Howard Stern made his debut at WBUF-FM 92.9 on Monday with a little bit of Buffalo bashing.
The highly-paid shock jock, who signed a five-year deal last week with WBUF, insinuated this is a hick town area suffering from anti-Semitism.
"It's not America up there," Stern chortled at one point during the morning show.
"It's not even New York," shot back Robin Quivers, part of Stern's morning team.
Later, Stern added in a sarcastic tone of voice, "We are now officially the morning show of New York State, thanks to being on in Buffalo. I have been dying to be on in Buffalo."
He then told a story of his only trip to Buffalo back in Stern's college days at Boston University, nearly two decades ago.
"We were going up to Buffalo from Boston and I went with three of my most drug-addicted friends," Stern said on the air. "We got stopped by the police, we were doing about 90 miles an hour."
Stern said he and another friend were forced to stand by the side of the road while two others were taken to a judge's home by a cop.
"They were pulled off into what appeared to be Andy of Mayberry's home," Stern said, as country music played in the background." He claimed that the judge "fleeced" his friends because they were Jewish and from New York City.
That's not the kind of Buffalo boost Infinity Broadcasting, owner of WBUF, was hoping for when it signed Stern and last Friday switched the station's format from Dancin' Oldies to Classic Rock.
But knocking a new market is typical Stern.
"He likes to come in to a new city and say outrageous things," said Joe Gow, director of communications studies at Alfred University who has extensively written about pop culture and music. "His show is all about controversy."
Stern, whose previous local gig ended in ratings failure during the mid-'90s at WKBW-AM 1520, is also heard on Toronto's CILQ-FM 107.1.
Infinity, which has turned WBUF into a kind of black hole of failed music formats, was desperate to increase the station's ratings.
WBUF is now in a radio war with 97 Rock, a longtime ratings powerhouse. Not to mention CILQ, which still broadcasts Stern.
"There are three reasons we made this change: Howard Stern and Howard Stern and Howard Stern," said Jeff Silver, vice president/general manager for Infinity in Buffalo. He might have listed three more reasons: male demographics, male demographics and male demographics.
Silver is aiming for males 20 to 40 years old, who like Stern's brand of raunchy humor and off-color language. Stern had been racking up respectable numbers for males in Buffalo with those listening to the Toronto station.
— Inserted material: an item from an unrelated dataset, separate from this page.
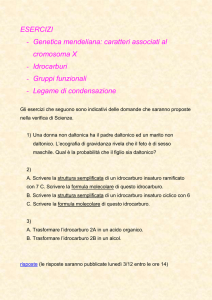 ESERCIZI PER LA VERIFICA DEL 9 OTTOBRE:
WBUF debuted a playlist over the weekend heavy on such classic rock radio staples as Led Zeppelin, the Who, Eric Clapton and Queen. Younger acts such as the Red Hot Chili Peppers and Verve Pipe were also played.
The station, however, is not about classic rock, but Howard Stern. He will be on weekdays from 6 to 11 a.m.
No one at 97 Rock would comment about its new competitor, but Silver was talking tough about going after Larry Norton in the morning at WGRF-FM, and the Shredd and Ragan morning team at alternative rocker WEDG-FM 103.3.
Both those morning programs have dominated male listeners for rock music in this market.
"But they've never had any competition before," Silver said. "Clearly, we're going after 97 Rock and the Edge in the morning."
When asked if Stern can top the local announcers in ratings, Silver replied: "Without a doubt."
During the past six years, WBUF has gone through such formats as Smooth Jazz, Alternative (Alice) and Dancin' Oldies. Each started off strong but eventually sank in the ratings.
WBUF finished in 11th place overall with a 3.3 average quarterly hour share in the lastest Arbitron fall ratings book. 97 Rock was third with an 8.7 share. In the 25 to 54 demographic, for morning shows, WBUF, 4.3, barely beat Toronto's CILQ, 4.0, while 97 Rock was 11.4 and the Edge 4.8.
Another factor for Infinity, which owns five stations in this market, is that it doesn't want to compete against itself. Dancin Oldies may have taken listeners away from Infinity's WBLK-FM 93.7's Urban Contemporary format. Alice was a soft alternative sound and may have hurt WJYE-FM 96.1, a light vocal station also owned by Infinity.
"No matter what they tried at WBUF, they always wound up with a 3 share of the audience," said Tom Schuh, former program director at WHTT-FM. Overall, Schuh believes Stern "will do pretty well but I don't think he will beat the local, high-profile morning shows here."
"I think Stern will probably be like the XFL; he'll get a lot of attention and ratings in the beginning but after awhile the audience will drop off and he'll just get his main fans."
Silver would not say how much Stern is being paid by WBUF. One radio source estimated it is at least $250,000 a year, and the contract is guaranteed for five years.
Money may not be an issue, but controversy, language and subject matter could be a problem for WBUF with Stern.
On his program Monday, one man called into Stern's show and repeatedly used a racial slur. Other topics included sexual organs, and the arrest of a previous Stern guest for running a prostitution service.
Still, Silver isn't worried about the content of Stern's program.
"Howard is no more controversial than anything else you would find on the Buffalo radio dial," he said.